EVO-DEVO
– Acronimo di Evolutionary developmental biology («biologia evolutiva dello sviluppo»), costituisce una nuova branca della biologia contemporanea nella quale confluiscono teorie evolutive, filogenesi, embriologia e genetica molecolare. Tale disciplina verifica in chiave evolutiva la struttura e le funzioni del genoma, analizzando il rapporto tra lo sviluppo embrionale e fetale di un organismo (ontogenesi) e l'evoluzione della popolazione cui tale organismo appartiene (filogenesi). Principio fondante dell'EVO-DEVO è che le mutazioni a carico dei geni coinvolti nel controllo e nella regolazione dello sviluppo embrionale, provocando una riprogrammazione cellulare, possono originare caratteri inediti (nuove strutture o nuove vie metaboliche) nell'adulto, il quale potrà trasmettere tali caratteri alle generazioni successive. In questo modo, i nuovi caratteri inizieranno il loro percorso evolutivo all'interno di una popolazione e saranno anche l'origine della biodiversità. La teoria dell'EVO-DEVO e quella dell'evoluzione per selezione naturale non sono in opposizione tra di loro, ma piuttosto si integrano: l'EVO-DEVO sottolinea l'importanza di mutazioni che modificano la regolazione dello sviluppo, con questo spiegando anche i caratteri non adattativi che possono trovarsi in una popolazione; la selezione agisce come un meccanismo di controllo sulle variazioni casuali che si presentano in una popolazione.

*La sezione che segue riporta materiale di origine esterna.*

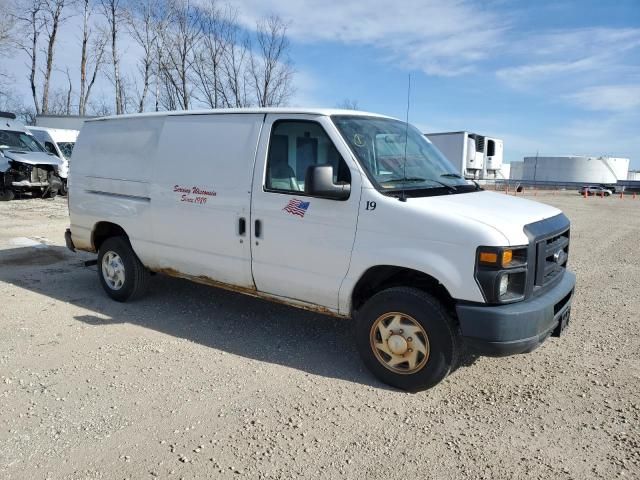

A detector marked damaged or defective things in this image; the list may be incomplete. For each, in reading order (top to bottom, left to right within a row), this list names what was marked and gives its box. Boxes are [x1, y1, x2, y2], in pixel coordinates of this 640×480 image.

damaged white van [0, 112, 63, 201]
damaged white van [65, 109, 576, 390]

Fondamenti genetici. ‒ In base agli studi di genomica, è noto che i genomi sono ridondanti, modulari e soggetti a rimaneggiamento e rimodellamento (turnover genomico). Questa plasticità è assicurata da fenomeni come la trasposizione (spostamenti di materiale all'interno del genoma), la conversione genica (un gene può trasformarsi in un altro gene), il crossing-over ineguale (il materiale genetico può dividersi in modo ineguale tra le cellule durante la meiosi), ecc.; inoltre, anche gli stimoli ambientali possono interagire con il genoma, determinando una risposta. Il turnover genomico può essere causa di mutazioni spontanee. D'altra parte, poiché è noto che nel corso dell’evoluzione i cambiamenti morfologici e le divergenze biologiche presentano un alto grado di conservazione dei moduli genetici che li producono, se ne deduce che i meccanismi preposti alla regolazione dell’espressione genica e alla composizione del genoma sono coinvolti nei processi evolutivi. I geni sono estremamente stabili, anche se si prendono in considerazione specie diversissime tra di loro. Un esempio classico è quello della classe dei geni Hox, i quali funzionano da interruttori generali capaci di attivare gruppi di altri geni responsabili dello sviluppo di specifiche parti del corpo di un animale. Tutte le specie hanno ereditato i geni Hox da un antenato comune ed essi mantengono una disposizione, nel tempo (come momento di attivazione) e nello spazio (come posizione sul cromosoma), che è correlata tra le varie specie. La genomica comparata ha dimostrato che esiste una grande conservazione di intere famiglie geniche, piuttosto che geni diversi tra i diversi organismi. Appare quindi chiaro che la diversità tra gli organismi è regolata dalla diversa espressione dei loro geni, piuttosto che dalla presenza di geni diversi. Al riguardo, è importante conoscere la composizione e il significato funzionale di quella parte del DNA detto junk DNA («DNA spazzatura»). Si tratta della maggior parte del DNA di un genoma e un tempo era ritenuto inattivo (da qui il soprannome). Studi recenti (v. ) indicano però che nel junk DNA sono contenute sequenze che regolano l'attività di altri geni.